Betroffene Gesetze und Normen feststellen
Im ersten Schritt gilt es zu klären, welche Regularien für das Unternehmen aktuell und relevant sind und welche internen Regelungen und Arbeitsanweisungen bereits existieren. Dr. R. Mayer: „Wir stellen immer wieder fest, dass es angesichts der vielen neuen Regelungen einen erheblichen Nachholbedarf gibt. Zum Beispiel wird die Archivierung von E-Mails fälschlicherweise oft auf die Frage des geeigneten IT-Systems reduziert oder es werden neue Entwicklungen, wie die Produkthaftung in der Fertigungsindustrie, nicht ernst genug genommen.“ Das ‚Compliance-Team‘ erfasst außerdem, ob sich verschiedene Compliance-Felder überlappen, wie Anforderungen an das Risk-Management (ISO 9000), Corporate Governance (SOX), spezifische Regularien wie 21CFRPart11 (Pharma), Datenschutzgesetze, Telekommunikationsgesetz, Handelsgesetzbuch, Grundsätze zum Datenzugriff und zur Prüfbarkeit digitaler Unterlagen (GDPdU).

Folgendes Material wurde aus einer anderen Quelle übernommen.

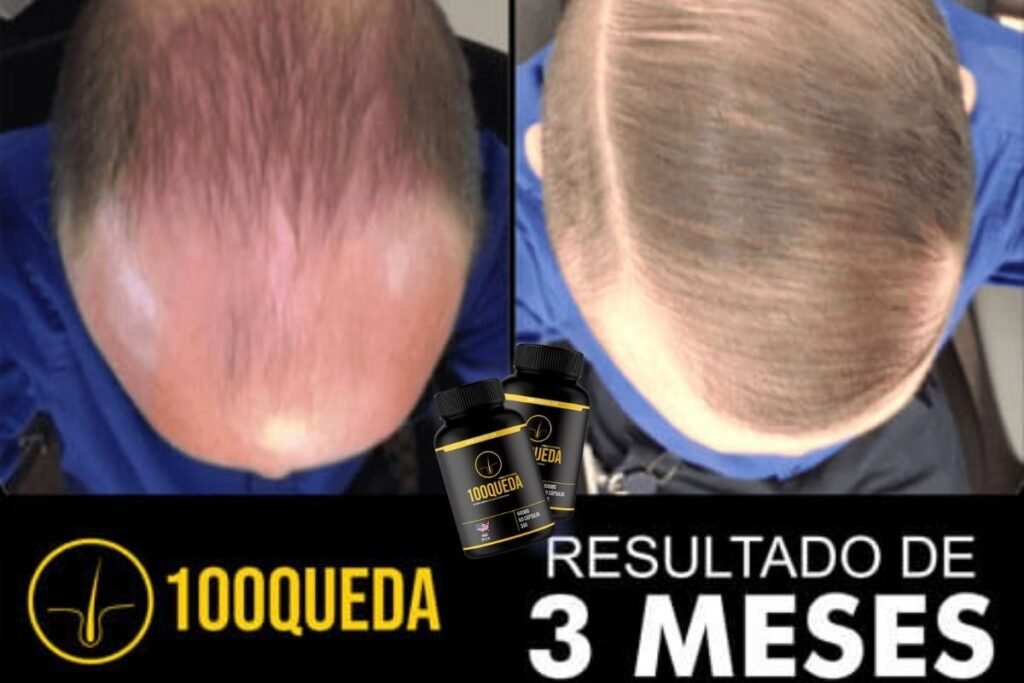 100queda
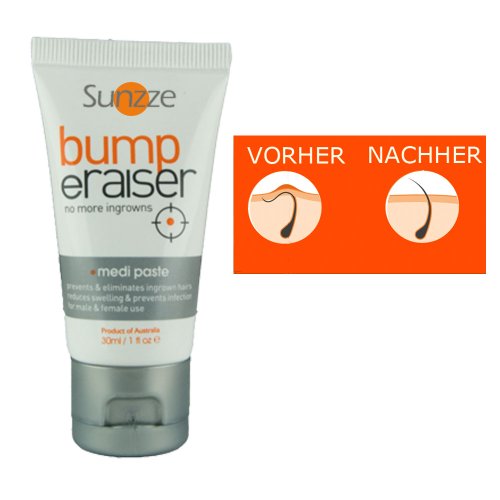Sunzze Bumperaiser Medipaste Treatment Ingrown Hair, No more ingrowns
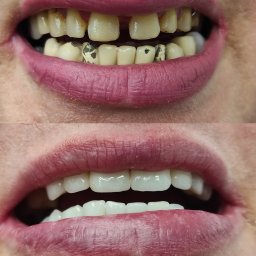 Protetyk Świnoujście 3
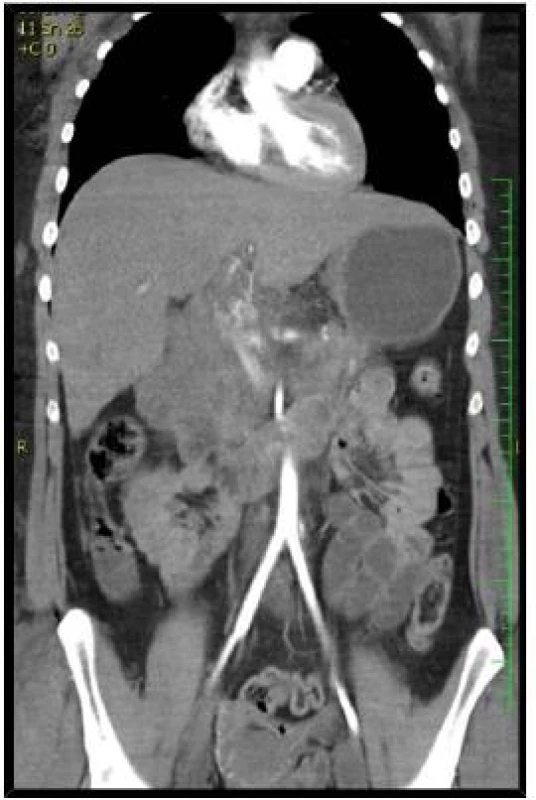 Angio CT snímky jater: Poranění jater IV. stupně s nálezem krvácení z poranění arteria hepatica propria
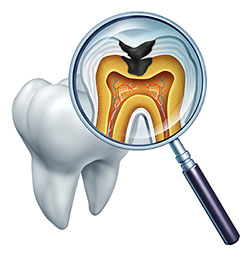 A digital illustration depicts a magnified view of a tooth with an X-ray image revealing its internal structure, including roots and pulp, superimposed on the front surface.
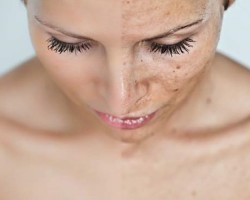 Cómo eliminar las manchas del rostro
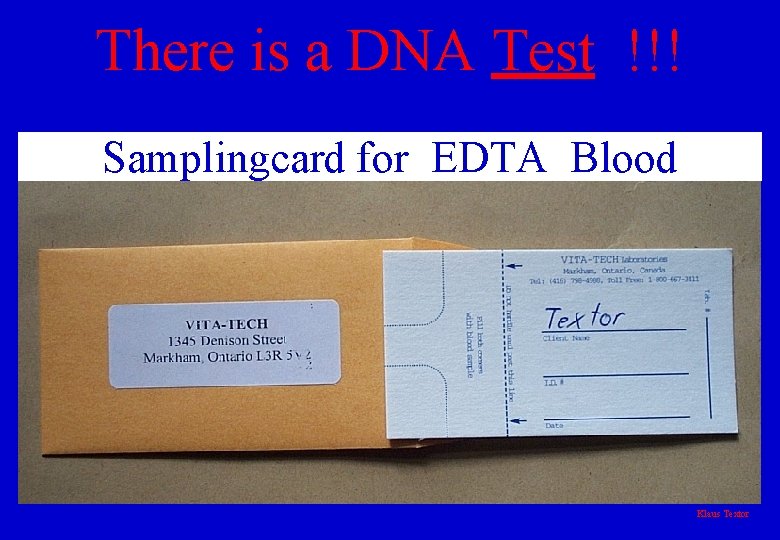 There is a DNA Test !!! Samplingcard for EDTA Blood Klaus Textor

Handlungsbedarf definieren
Im zweiten Schritt werden die betroffenen Prozesse und Systeme identifiziert. Dazu gehört die installierte Hardund Software, die Zugriffsund Berechtigungsregelungen usw. Beispielsweise im Rechnungswesen gehören etwa die Prozesse des Rechnungseingangs und -ausgangs dazu, das ERP-System und schließlich alle Abläufe bis zum verwendeten Archivsystem. In Branchen wie der Pharmaindustrie sind für die Zulassung von Präparaten und Arzneimittel umfangreiche Auflagen zu erfüllen. Die Erfüllung dieser Auflagen muss gut dokumentiert werden. Eine Zulassung kann scheitern, wenn etwa nicht nachweisbar ist, dass die Mitarbeiter alle relevanten Arbeitsanweisungen kennen und das per Unterschrift dokumentiert haben.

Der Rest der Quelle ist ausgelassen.